A coragem dos repórteres na cobertura das greves meta-lúrgicas do fim dos anos 1970 e início dos 1980, aliada à linha editorial do Diário, foi fundamental para denunciar as arbitrariedades da ditadura (1964-1985) e criar o caldo de cultura que resultou na volta da democracia ao Brasil. A tese é sustentada pelo historiador norte-americano John French, brasilianista da Universidade Duke, uma das mais conceituadas do mundo, com sede na cidade de Durham, na Carolina do Norte.
“A contribuição do Diário também tem a ver com a exigência corajosa do jornal pela volta a uma democracia eleitoral verdadeira e moderna, sem arbitrariedades e violações dos direitos civis e políticos, incluindo as liberdades de imprensa, de expressão e de organização sindical”, atesta French, que passou o último ano pesquisando o arquivo do veículo.
O historiador, que se valeu do acervo do jornal para escrever a biografia do presidente Luiz Inácio Lula da Silva, Lula e a Política da Astúcia (688 páginas, Expressão Popular, R$ 58), lançada no Brasil em 2022, revela que, durante o regime de exceção, existem vários exemplos de editoriais criticando os militares que estavam no comando do País.
“Durante a greve de 1979, o Diário publicou vários editoriais criticando o governo nacional. Num deles, do dia 25 de março, disse que o ‘regime’ estava atuando como se fosse ‘uma entidade divina, inacessível e intocável. Para os súditos a ele chegar, a condição é que se prostrem submissos e reverentes’”, destaca French. O norte-americano afirma que parcela significativa dos estudos acadêmicos publicados até hoje sobre o movimento pela volta da democracia ignora o material produzido pelo Diário, que, durante as greves meta-lúrgicas, teria contado com as fontes mais “fidedignas, mais completas e mais ricas na época, uma realidade não reconhecida na maior parte das pesquisas acadêmicas, dada a dependência deles da Folha (de S.Paulo), do Estadão e da imprensa alternativa”.
French, que conta com a colaboração da antropóloga Jan Hoffman, sua mulher, na pesquisa atual, destaca a autoridade do comando da Redação no período da mobilização dos trabalhadores da indústria automotiva para o direcionamento da cobertura. “Ficamos impressionados pela inspiração democrática da liderança civil de Fausto Polesi (1930-2011), um dos fundadores do Diário, que era redator-chefe na época das greves. Um grande jornalista e editorialista produtivo com pleno conhecimento das suas responsabilidades como homem da imprensa”, sintetiza o norte-americano.

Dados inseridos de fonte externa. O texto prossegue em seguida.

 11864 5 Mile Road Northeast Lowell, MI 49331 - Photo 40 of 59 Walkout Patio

Segundo o historiador, o empresário e jornalista conseguiu antever na mobilização dos operários, sob a liderança de Lula, então presidente do Sindicato dos Metalúrgicos de São Bernardo, a centelha que incendiaria o País e iria resultar na quebra do regime – o Brasil voltou a eleger seu presidente, por voto direto, em 1989. “O Diário ocupou espaço fundamental na criação de uma identidade regional. Desde o primeiro momento, o grande jornalista Fausto Polesi reconheceu que a história ia mudar o País para sempre e colocou toda a sua equipe para ir atrás do maior acontecimento na época, as greves inesperadas, que estava acontecendo na sua região”, analisa John French.

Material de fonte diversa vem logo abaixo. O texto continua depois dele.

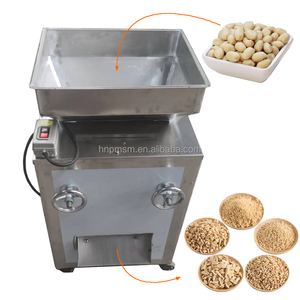 Trituradora de Nueces Totalmente Automática, Picadora Comercial de Cacahuetes, Máquina para Triturar Nueces de Anacardo, Rebanadora de Almendras, Máquina para Cortar en Cubos, Máquina para Tostar Cacahuetes - Product Image 1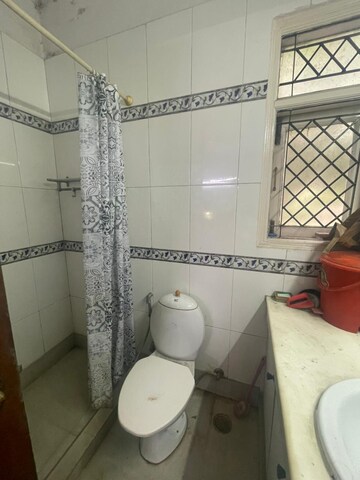 Bathroom in 3 BHK Builder Floor at Greater Kailash I – for Sale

As reivindicações dos operários, segundo o pesquisador, tinham caráter econômico, mas iam além das relações entre patrões e empregados, chegando à situação política do Brasil. “Era a expressão de um desejo que permeava todas as camadas sociais por uma maior participação da população na sua governança. O desejo era comum a um leque de indivíduos que chegou a incluir homens de negócio, donos de jornais, universitários, trabalhadores, mulheres, indígenas, negros e pessoas em moradias precárias. Foi uma convergência bonita num momento inesquecível e nunca visto”, finaliza o pesquisador.